Officials with the Memphis Police Department did not immediately respond to a request for comment.
Nichols, 29, a Black man, was brutally assaulted by Memphis officers after he was pulled over Jan. 7 for alleged reckless driving. He died three days later. His death spurred citywide protests, with demonstrators stalling highway traffic for hours one night.
Five Memphis police officers were fired and charged with second-degree murder and other counts.
The officers — Tadarrius Bean, Demetrius Haley, Emmitt Martin III, Desmond Mills Jr. and Justin Smith — pleaded not guilty in February.
The officers were members of a special unit, called the Scorpions, short for Street Crimes Operation to Restore Peace In Our Neighborhoods. It launched in 2021 to combat a rise in homicides gangs and to investigate auto thefts.
In light of Nichol's death, federal officials also said Thursday they would work to develop guidelines for cities across the country to help determine when to create such units and how to monitor them.
“There’s always going to be a need for mission units that are trained and can do what general patrol officers can’t,” said Ed Obayashi, a law enforcement advisor to more than 100 police departments nationwide.
But many specialized units can be aggressive and intimidating while targeting crime and the behavior sometimes spills over to the rest of the community, he added.
Attorney General Merrick B. Garland said in a statement Thursday that Nichols' death "created enormous pain in the Memphis community and across the country,” and the examination would determine whether the department "engaged in a pattern or practice of unconstitutional conduct and discriminatory policing based on race, including a dangerously aggressive approach to traffic enforcement.”
Memphis community organizer Amber Sherman said she welcomes the federal investigation if it leads to less traffic enforcement and interaction with police.

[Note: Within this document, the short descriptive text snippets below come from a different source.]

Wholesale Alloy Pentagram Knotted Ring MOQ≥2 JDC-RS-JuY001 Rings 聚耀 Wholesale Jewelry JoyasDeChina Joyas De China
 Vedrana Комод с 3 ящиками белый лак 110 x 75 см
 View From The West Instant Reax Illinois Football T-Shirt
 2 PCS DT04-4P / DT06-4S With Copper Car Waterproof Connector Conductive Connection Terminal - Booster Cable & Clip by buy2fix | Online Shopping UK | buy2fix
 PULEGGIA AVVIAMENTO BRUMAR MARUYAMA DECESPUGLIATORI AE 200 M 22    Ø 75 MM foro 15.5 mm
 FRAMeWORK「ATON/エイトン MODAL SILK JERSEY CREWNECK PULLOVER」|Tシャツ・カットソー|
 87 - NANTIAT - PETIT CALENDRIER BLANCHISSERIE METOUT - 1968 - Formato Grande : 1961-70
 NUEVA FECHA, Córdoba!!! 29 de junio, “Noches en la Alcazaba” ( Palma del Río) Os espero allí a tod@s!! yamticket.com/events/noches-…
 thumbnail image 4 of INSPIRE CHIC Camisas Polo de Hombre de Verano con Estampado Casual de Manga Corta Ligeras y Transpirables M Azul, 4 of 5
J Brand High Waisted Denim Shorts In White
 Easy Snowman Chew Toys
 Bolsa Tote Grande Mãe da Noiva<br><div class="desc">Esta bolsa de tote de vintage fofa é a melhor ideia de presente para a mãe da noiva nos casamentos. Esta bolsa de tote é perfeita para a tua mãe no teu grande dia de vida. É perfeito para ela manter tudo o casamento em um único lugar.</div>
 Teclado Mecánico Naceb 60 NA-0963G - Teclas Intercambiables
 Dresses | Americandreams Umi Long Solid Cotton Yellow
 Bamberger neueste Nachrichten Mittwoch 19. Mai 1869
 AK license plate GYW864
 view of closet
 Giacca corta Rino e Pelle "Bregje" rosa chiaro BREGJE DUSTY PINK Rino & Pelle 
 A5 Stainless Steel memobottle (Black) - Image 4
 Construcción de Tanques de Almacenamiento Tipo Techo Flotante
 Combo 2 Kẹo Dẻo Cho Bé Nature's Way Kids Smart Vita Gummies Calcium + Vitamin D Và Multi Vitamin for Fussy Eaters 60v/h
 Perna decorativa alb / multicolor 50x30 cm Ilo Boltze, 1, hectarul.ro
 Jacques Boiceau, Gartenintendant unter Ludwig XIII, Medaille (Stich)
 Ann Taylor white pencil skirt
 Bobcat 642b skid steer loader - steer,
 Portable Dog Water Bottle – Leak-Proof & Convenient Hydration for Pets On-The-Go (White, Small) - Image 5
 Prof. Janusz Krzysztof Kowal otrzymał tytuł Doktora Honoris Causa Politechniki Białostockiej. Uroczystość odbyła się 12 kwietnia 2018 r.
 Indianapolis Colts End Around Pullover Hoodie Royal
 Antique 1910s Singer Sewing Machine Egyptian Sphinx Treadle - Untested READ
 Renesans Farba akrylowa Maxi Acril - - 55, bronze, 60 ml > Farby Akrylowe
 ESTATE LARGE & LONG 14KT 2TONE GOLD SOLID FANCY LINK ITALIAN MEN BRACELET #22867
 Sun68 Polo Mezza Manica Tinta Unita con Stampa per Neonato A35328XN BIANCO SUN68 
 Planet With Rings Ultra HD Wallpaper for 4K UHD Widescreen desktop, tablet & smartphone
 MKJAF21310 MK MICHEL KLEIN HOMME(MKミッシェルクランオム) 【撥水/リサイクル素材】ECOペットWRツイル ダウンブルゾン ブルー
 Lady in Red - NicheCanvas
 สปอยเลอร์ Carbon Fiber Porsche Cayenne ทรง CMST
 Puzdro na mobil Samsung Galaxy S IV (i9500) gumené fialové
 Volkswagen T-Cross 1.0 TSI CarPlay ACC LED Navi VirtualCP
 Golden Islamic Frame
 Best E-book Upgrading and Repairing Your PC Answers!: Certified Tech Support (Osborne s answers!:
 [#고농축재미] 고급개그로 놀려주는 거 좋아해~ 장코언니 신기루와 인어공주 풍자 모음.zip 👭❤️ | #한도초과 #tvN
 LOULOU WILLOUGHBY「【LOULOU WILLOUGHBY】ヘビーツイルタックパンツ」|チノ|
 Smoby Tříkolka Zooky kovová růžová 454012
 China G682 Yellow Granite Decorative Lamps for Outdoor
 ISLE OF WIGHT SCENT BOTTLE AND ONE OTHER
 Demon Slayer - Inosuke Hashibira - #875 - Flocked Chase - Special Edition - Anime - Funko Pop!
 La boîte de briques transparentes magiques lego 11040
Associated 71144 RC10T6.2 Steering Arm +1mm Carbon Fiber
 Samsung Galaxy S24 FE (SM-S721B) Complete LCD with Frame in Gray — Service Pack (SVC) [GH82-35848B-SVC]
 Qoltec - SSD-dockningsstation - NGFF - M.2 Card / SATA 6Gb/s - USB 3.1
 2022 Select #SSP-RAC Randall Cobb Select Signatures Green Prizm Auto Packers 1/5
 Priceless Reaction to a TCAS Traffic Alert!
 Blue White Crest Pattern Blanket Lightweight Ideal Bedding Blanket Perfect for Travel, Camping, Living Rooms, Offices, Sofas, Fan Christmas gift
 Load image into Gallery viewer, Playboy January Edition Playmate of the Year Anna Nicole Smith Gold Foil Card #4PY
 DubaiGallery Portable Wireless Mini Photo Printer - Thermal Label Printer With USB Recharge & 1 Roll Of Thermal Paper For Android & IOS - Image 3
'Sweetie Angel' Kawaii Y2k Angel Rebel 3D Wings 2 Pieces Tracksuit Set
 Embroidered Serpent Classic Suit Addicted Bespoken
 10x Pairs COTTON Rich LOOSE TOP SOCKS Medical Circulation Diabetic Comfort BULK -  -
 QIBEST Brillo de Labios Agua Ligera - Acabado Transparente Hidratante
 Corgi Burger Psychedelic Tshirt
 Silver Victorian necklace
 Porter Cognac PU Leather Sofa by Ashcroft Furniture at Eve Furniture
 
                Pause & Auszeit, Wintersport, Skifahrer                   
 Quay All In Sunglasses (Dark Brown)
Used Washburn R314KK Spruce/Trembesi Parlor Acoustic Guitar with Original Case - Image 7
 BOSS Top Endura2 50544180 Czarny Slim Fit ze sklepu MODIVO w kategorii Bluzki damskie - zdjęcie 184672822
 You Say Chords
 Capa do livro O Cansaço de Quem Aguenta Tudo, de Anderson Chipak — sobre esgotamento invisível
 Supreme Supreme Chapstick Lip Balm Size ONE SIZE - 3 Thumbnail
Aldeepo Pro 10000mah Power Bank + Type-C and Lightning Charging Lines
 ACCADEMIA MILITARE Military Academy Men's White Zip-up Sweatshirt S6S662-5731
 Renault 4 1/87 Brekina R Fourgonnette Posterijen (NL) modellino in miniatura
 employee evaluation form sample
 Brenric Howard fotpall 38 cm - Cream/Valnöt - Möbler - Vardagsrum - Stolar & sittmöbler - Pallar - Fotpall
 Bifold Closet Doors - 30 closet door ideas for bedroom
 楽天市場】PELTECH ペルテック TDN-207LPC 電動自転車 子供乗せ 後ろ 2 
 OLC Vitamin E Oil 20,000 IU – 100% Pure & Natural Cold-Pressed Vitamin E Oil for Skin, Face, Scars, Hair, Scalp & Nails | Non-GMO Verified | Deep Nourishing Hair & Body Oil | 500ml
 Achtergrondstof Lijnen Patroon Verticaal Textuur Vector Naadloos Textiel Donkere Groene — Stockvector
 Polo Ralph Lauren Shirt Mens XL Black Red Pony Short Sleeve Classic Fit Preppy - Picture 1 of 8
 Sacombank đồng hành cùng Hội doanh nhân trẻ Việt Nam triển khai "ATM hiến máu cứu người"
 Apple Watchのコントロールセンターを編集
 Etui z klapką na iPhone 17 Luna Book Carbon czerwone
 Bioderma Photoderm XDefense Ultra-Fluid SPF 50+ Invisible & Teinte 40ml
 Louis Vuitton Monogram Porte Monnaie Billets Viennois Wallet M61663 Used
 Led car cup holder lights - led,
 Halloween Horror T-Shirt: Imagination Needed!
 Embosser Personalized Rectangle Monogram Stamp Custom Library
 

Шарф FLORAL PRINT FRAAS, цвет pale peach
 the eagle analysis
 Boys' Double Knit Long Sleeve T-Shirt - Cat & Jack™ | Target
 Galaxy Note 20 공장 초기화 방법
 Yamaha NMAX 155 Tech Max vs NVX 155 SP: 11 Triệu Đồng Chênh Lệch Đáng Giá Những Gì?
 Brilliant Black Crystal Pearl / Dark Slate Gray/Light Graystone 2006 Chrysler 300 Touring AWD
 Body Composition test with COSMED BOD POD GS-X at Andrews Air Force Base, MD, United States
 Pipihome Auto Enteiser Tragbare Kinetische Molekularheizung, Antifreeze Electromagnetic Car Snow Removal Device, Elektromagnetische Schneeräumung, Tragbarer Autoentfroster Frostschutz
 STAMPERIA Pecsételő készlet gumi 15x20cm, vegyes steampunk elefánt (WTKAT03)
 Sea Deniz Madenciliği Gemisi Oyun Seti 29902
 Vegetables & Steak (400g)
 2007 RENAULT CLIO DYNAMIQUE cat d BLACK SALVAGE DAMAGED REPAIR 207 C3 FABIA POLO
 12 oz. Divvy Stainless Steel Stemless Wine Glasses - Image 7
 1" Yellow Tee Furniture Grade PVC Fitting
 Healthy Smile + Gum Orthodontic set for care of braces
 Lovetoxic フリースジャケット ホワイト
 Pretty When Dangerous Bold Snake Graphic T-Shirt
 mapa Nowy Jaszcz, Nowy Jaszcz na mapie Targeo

“We don’t need a federal investigation to tell us that Black residents are being discriminated against in extremely high numbers or having excessive force used against them,” Sherman said.
She said many people in the community no longer want police officers to conduct traffic stops out of fear of being assaulted or worse.
Memphis attorney Jarrett Spence, who is representing a Black man in a lawsuit that accuses Memphis police officers of assaulting him, said the investigation "is gonna produce what I already know."
"Blacks and Hispanics in low-income neighborhoods are subjected to unconstitutional police practices on a regular basis,” Spence said.
DOJ has ongoing investigations into police departments in Phoenix; Mount Vernon, New York; Worcester, Massachusetts; Oklahoma City, Oklahoma; the Louisiana State Police and the New York City Police Departments’ Special Victims Division.
The Justice Department recently completed investigations in Louisville and Minneapolis, securing agreements in principle with both jurisdictions to negotiate consent decrees to address the violations found.